大倉工業の歩み

あれから70年。
「技術優位な企業集団」を目指して、大倉工業は、また新しい一歩を踏み出した。

第一世代の偉大な歩み
戦後の焼け野原に大樹の芽生え

 大倉工業の誕生は、高松大空襲と敗戦ですべてを失った倉敷飛行機高松製作所の元社員が創業者松田正二の下に結束し、生きるために事業を興したことに始まる。その後、戦後の数々の困難を乗り越えながら、昭和22年7月、遂に大倉工業の前身となる住宅業「四国住宅株式会社」を設立するが、当時日本を不況の影が覆い始め、そのスタートは決して順風満帆なものではなかった。次々と起こる難題。しかし、木材市売り事業を始めるなど、その苦労を明日への活力にして、その後も彼らは挑戦を続ける。
 昭和30年、ポリエチレン事業に着手。

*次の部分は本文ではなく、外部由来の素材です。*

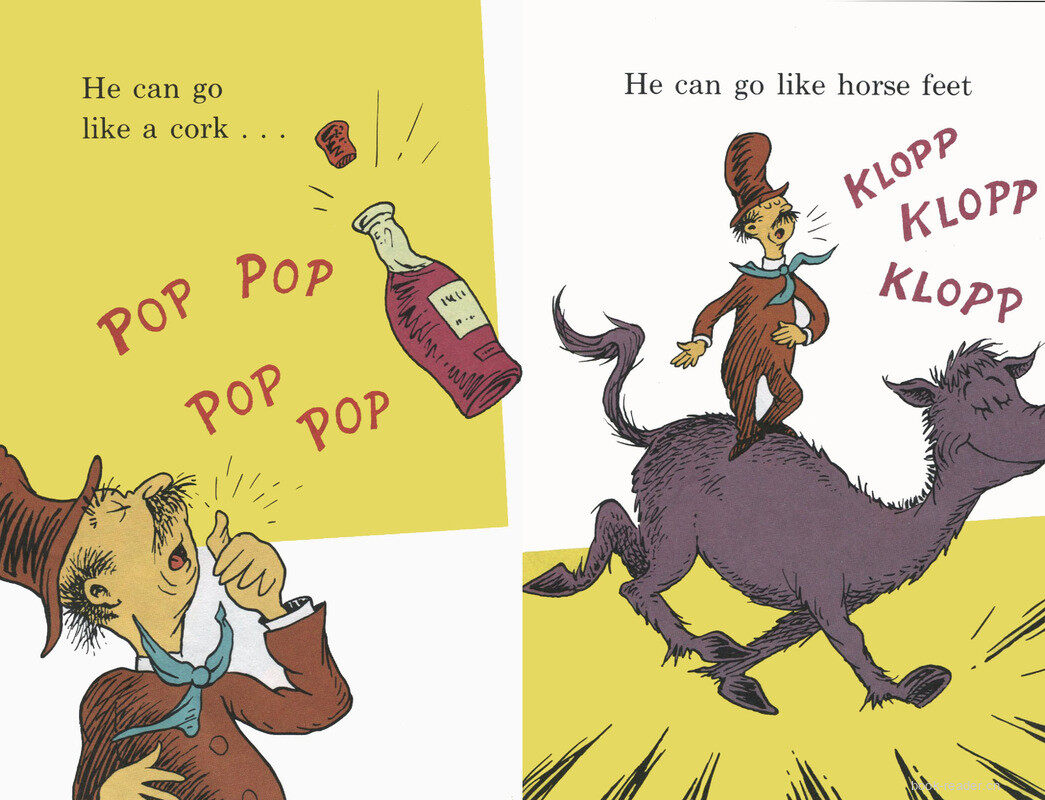 Mr Brown Can Moo Can You绘本故事第5页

ポリエチレン工場が建設中のなか、新事業にふさわしい名称を、と社名変更することとなり、思案の結果、松田が10年間勤めた倉紡の「倉」と、長い間お世話になった倉紡の大原社長の「大」の字をいただき、将来は親会社よりも大きくなりたいという希望を込めて「大倉工業株式会社」に決定した。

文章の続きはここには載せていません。